Regionally, Europe stood out this quarter, as we gained market share and improved margins there. In the US and Asia, market sentiment remained lacklustre, impacting the product mix traded and market spreads, and as such, our Revenue Capture as well. In Asia, the market developments were influenced by a fluctuation in the volumes traded in the Chinese markets. Filtering out that impact, our performance was more in line with the market in Asia. In the US, we have started to trade with more US counterparties as our institutional trading setup has been tested, improved and is now being rolled out, as was announced at the end of 2016. Markets were rather slow in 2Q17, impacting Revenue Capture substantially. Flow Traders US managed to grow its presence despite these market circumstances, and its market share continued to grow to above 2% on-exchange.
All in all, 1H17 results are a reflection of the market circumstances we are in. In these markets we continued to grow our team and infrastructure, drove initiatives such as the rollout of OTC in the US and the new Hong Kong office in Asia, and we continued to grow our liquidity providerships and the number of products we trade. We keep working to improve our performance every day and we are convinced that the long term growth path we are on will deliver a strongly improved performance when markets become more active again.”
CFO Marcel Jongmans commented: “As we highlighted during the Analyst Day, fixed costs have developed as expected so far in 2017, which is why we reiterate our guidance that the fixed costs will grow in the range of 15- 20% in 2017. Net Profit came in at € 12.5m in 2Q17, leading to a Net Profit for 1H17 of € 26.1m which translates to an EPS of € 0.56. We continued to invest in our long term growth strategy during the period and still delivered an EBITDA margin of 37% year-to-date.
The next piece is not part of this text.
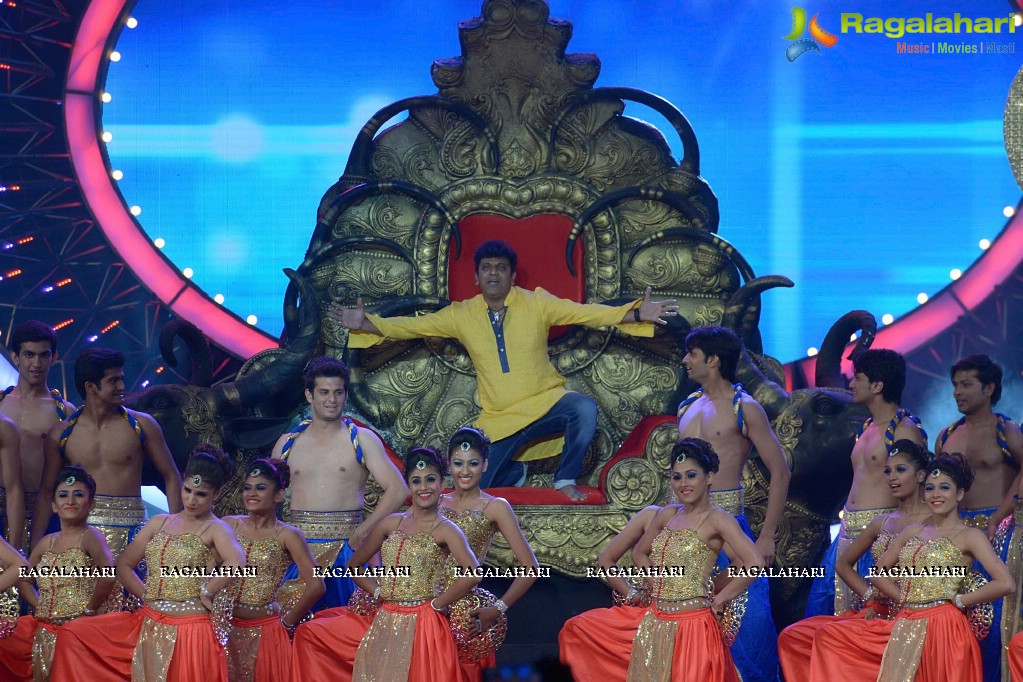 Celebs Performance at IIFA Utsavam 2016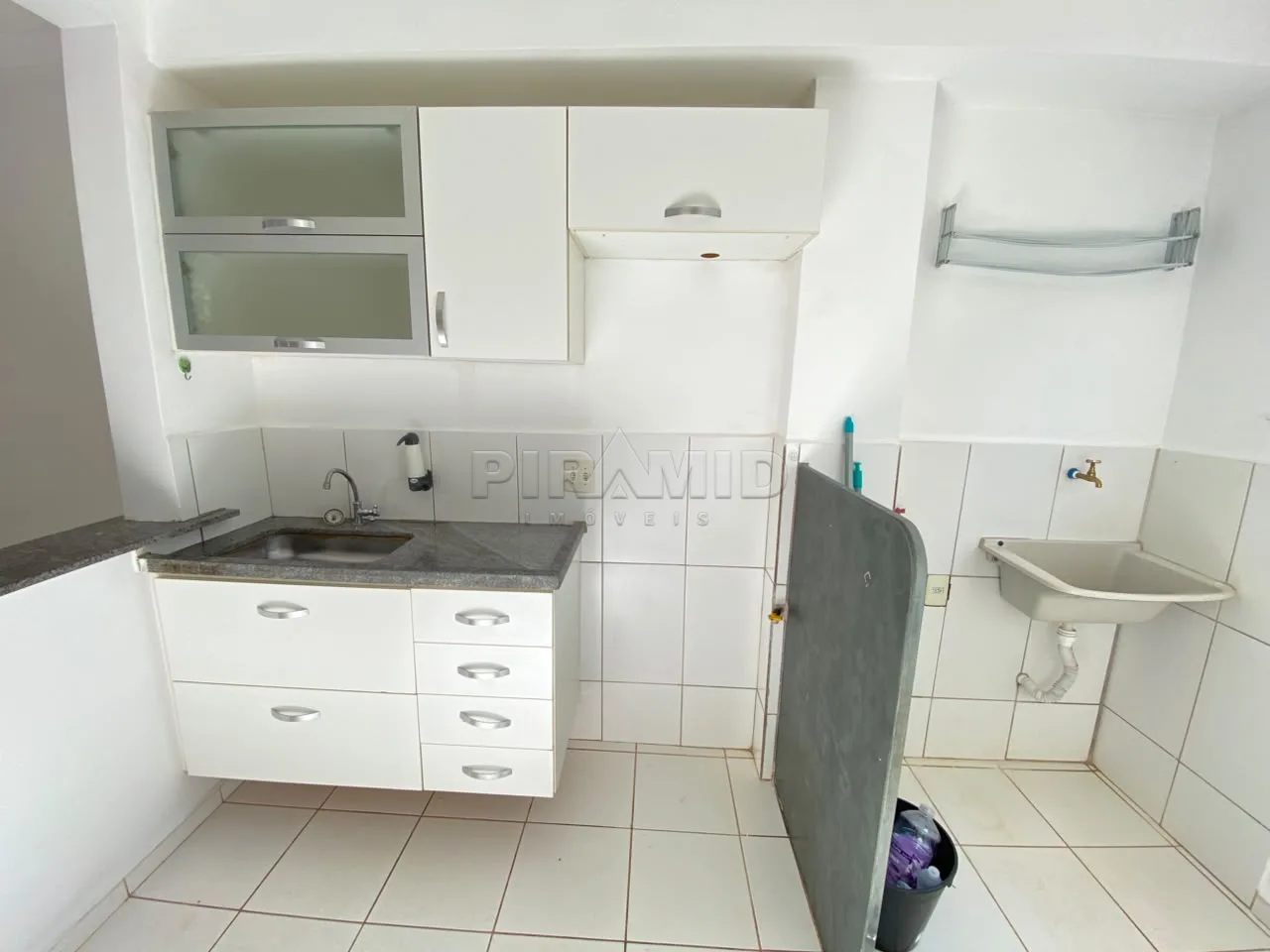 Alugar Apartamento / Padr&atilde;o em Ribeir&atilde;o Preto R$ 1.700,00 - Foto 11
This allows us to pay an interim dividend of € 0.30 over FY17. We are confident that Flow Traders will keep growing in line with the long term growth trend, while maintaining cost conscious in order to support our ambition of becoming the leading global ETP liquidity provider”.
Current Trading and Outlook
In line with market expectations, the ETP market continued to grow in global Assets under Management, a trend that is expected to continue in 2017 and beyond. The shift in assets from active management funds towards the passive industry is ongoing and strongly drives ETP growth across all asset classes. Regulation, such as MiFID II is expected to bring more transparency, which will benefit the ETP market as such as well. We will continue to grow organically by increasing our coverage within the ETP space, whilst pursuing our goal to grow our NTI structurally and to outperform the growth in the Market ETP Value Traded. As part of our organic growth strategy, we will open a new office in Hong Kong in 2017 and re-locate our office in New York.